Societal Resistance and Grievances with Public Rental Housing
If you are wondering why there would there be societal resistance against the Home Ownership Scheme and Public Rental Housing first remember that the Scheme was also devised as a way to incentivize a rational allocation of public rental housing, where more affluent public rental housing applicants were encouraged to buy HOS flats and have their flats re-allocated to those who were on the Waiting List.
This wasn’t the only instrument the government devised in order for PRH flats to be better allocated. A somewhat common phenomenon in PRH flats is “under-occupation”, which is where the population density of a flat is lower than the original, prescribed amount (e.g. 3 people living in a 4 person PRH flat). This can happen for a variety of reasons, but more often than not, as a result of the death of a family member or children moving out of the household.
The government has not been particularly empathetic when dealing with these situations. For example, China Daily reported in 2012 that a 49 year old night-shift taxi driver, was reallocated to a smaller flat following the death of his father. The move was an emotionally traumatic experience for him as he had to cope with the loss of his father alongside the loss of his home. In addition, the majority of his belongings were discarded, as they simply could not fit in the new flat. In total, the move cost him more than $100,000, which was an overwhelming amount compared to the $3,000 moving allowance the government offered him.

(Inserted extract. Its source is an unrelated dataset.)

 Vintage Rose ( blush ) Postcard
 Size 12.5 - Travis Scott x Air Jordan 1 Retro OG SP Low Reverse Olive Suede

This is one case among dozens and, as a result, many under-occupiers feel persecuted when they are essentially evicted from their current homes. Whilst one can certainly say that the process is rational, there is a distinct lack of empathy for the plight of these individuals. People may not be so willing to look at the logical side of these issues when they are lowering their quality of life by moving into smaller accommodation. Though its veracity in the modern era is somewhat contentious, Maslow’s Hierarchy of Needs mentions that shelter is one of our fundamental needs, satisfying our deep-seated and fundamental physiological needs and needs for safety. Considering this, it is of no surprise that the rationalization of public housing allocation has riled the tempers of many citizens.
The Home Ownership Scheme and its companion Public Rental Housing Scheme are by no means perfect schemes, but the former was only reinstated a few years ago, and the government’s promise to drastically increase the supply of public housing requires time before it can be fulfilled. The problems associated with increasing the supply of public housing and the problem of allocating existing public housing are ones that the government must tackle all at once. With hundreds of thousands of applicants on the waiting list, and the income gap being so large, time is of the essence, even if it might be understandable why these problems still exist. In these politically unstable times, the government may be wise to adopt an approach empathetic to these concerns, rather than strong-arming themselves through them.